Documentation to EVALD 1.0 and EVALD 1.0 for Foreigners

EVALD 1.0 and EVALD 1.0 for Foreigners serve for automatic evaluation of surface coherence (cohesion) in Czech texts written by native speakers of Czech, or non-native speakers of Czech, respectively.

The evaluation part (the backend server) is implemented in Treex (http://ufal.cz/treex), a highly modular NLP framework written in the Perl programming language, and uses the Weka toolkit (http://www.cs.waikato.ac.nz/ml/weka/) for the final prediction of a coherence mark. It can be used directly from a command line or as a backend for a client. The frontend part is implemented as a web server, accessible with a web browser.

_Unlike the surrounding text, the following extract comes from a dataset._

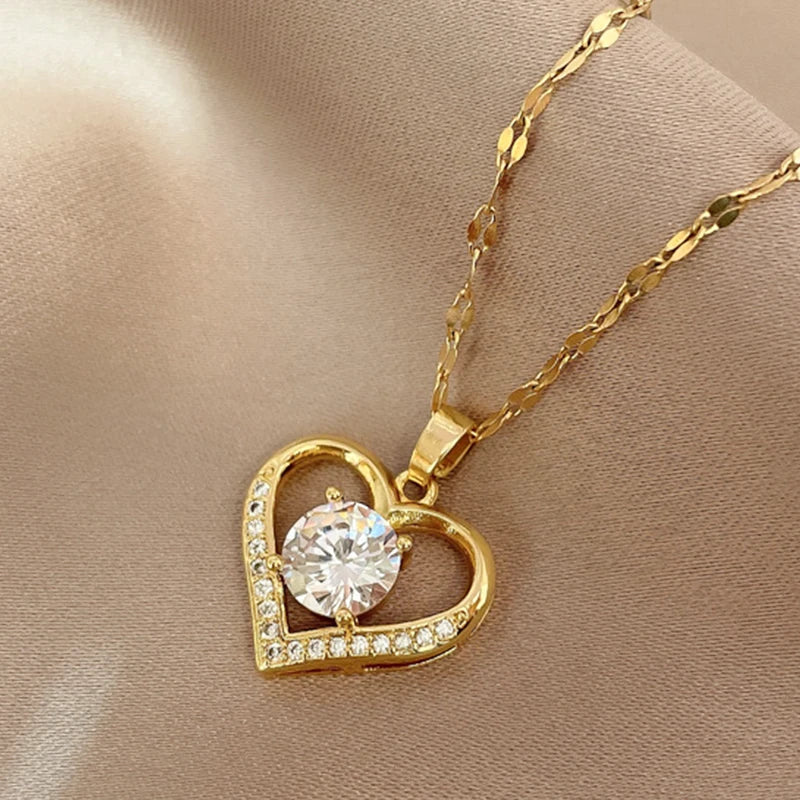 Golden Heart & Lips Pendant Necklace – Women’s Stainless Steel Jewelry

There are three possible ways of using EVALD 1.0 and EVALD 1.0 for Foreigners:

  1. as a web demo and RESTful web service hosted at the LINDAT/CLARIN server (available for EVALD 3.0 and EVALD 3.0 for Foreigners only!),

  2. locally with both the backend and the frontend server running on the same machine (or two machines in the same network),

  3. in a batch mode from a command line; the Treex scenario is run directly on the local machine.

1. EVALD as a LINDAT/CLARIN web service

No installation is needed in this case; in a web browser (such as Firefox or Chrome), go to https://lindat.mff.cuni.cz/services/evald/ for EVALD 2.0, or to https://lindat.mff.cuni.cz/services/evald-foreign/ for EVALD 2.0 for Foreigners.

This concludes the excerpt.